Posted: Monday, October 15, 2007

 

  Daughn Carpenter of Soldotna, pets her kitten, Sid, on Saturday in an attempt to make him feel more secure while having his photo taken by a stranger. Sid, formerly known as Forrest, was found abused a year ago and brought to the Kenai Animal Shelter. Carpenter adopted him shortly thereafter. Photo by Joseph Robertia

Daughn Carpenter of Soldotna, pets her kitten, Sid, on Saturday in an attempt to make him feel more secure while having his photo taken by a stranger. Sid, formerly known as Forrest, was found abused a year ago and brought to the Kenai Animal Shelter. Carpenter adopted him shortly thereafter.

Photo by Joseph Robertia

Newspapers, in their ongoing attempt to keep the public informed, often report on unfortunate incidents in the community.
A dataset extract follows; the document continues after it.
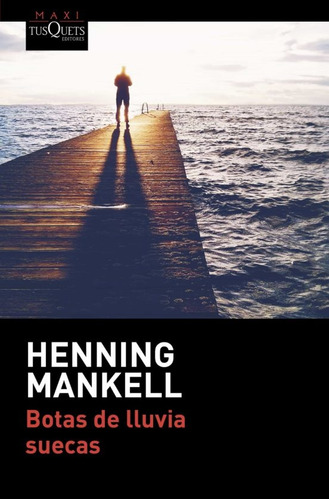 Botas De Lluvia Suecas - Henning Mankell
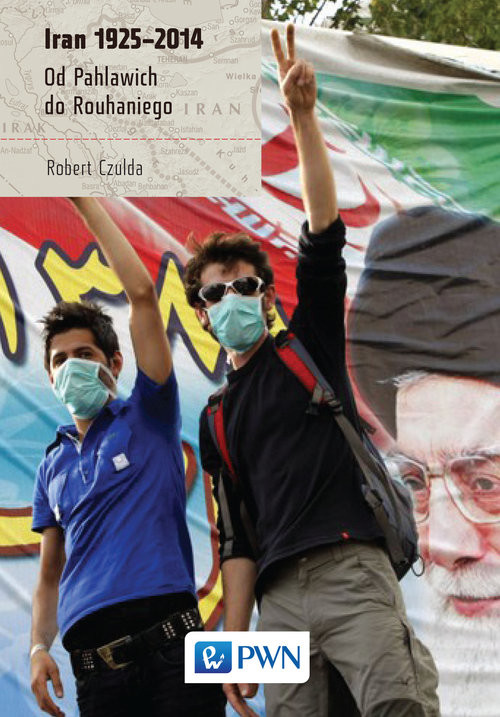 okładka Iran 1925-2014 Od Pahlawich do Rouhaniego książka | Robert Czulda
However, not all stories that start out bad end that way, as evident by what has become of a kitten that the Peninsula Clarion reported had suffered horrible abuse roughly one year ago.

"I read the story and told my son, we're getting that cat," said Daughn Carpenter of Soldotna.

The tiny tangerine-colored kitty's story began in August of 2006 when it came to the Kenai Animal Shelter after some teens found him in a remote area while four-wheeling. The shelter staff named him Forrest, after the fictional movie character made famous by Tom Hanks, not because the kitten had a crooked back or bad legs, instead it was because it was apparent the 6-week-old feline had faced some challenges.

"It was obvious the kitten had been dumped. He was very thin, just skin and bones," said Patricia Stringer, chief animal control officer at the shelter.

His tail was severely injured, and it was believed the injuries were caused by inhuman treatment.

"It looked like he had been hung by it. About three quarters of his tail was dead, it looked like a stick or a branch, and the rest was rotten with maggots all over," said Kristina Peterson, who was a part-time animal control officer at the time.

Despite Forrest's physical condition, his spirits remained high, which is what prompted the kitten to be named after the Hollywood film character.

"He had a strong will to live so it seemed appropriate," Peterson said.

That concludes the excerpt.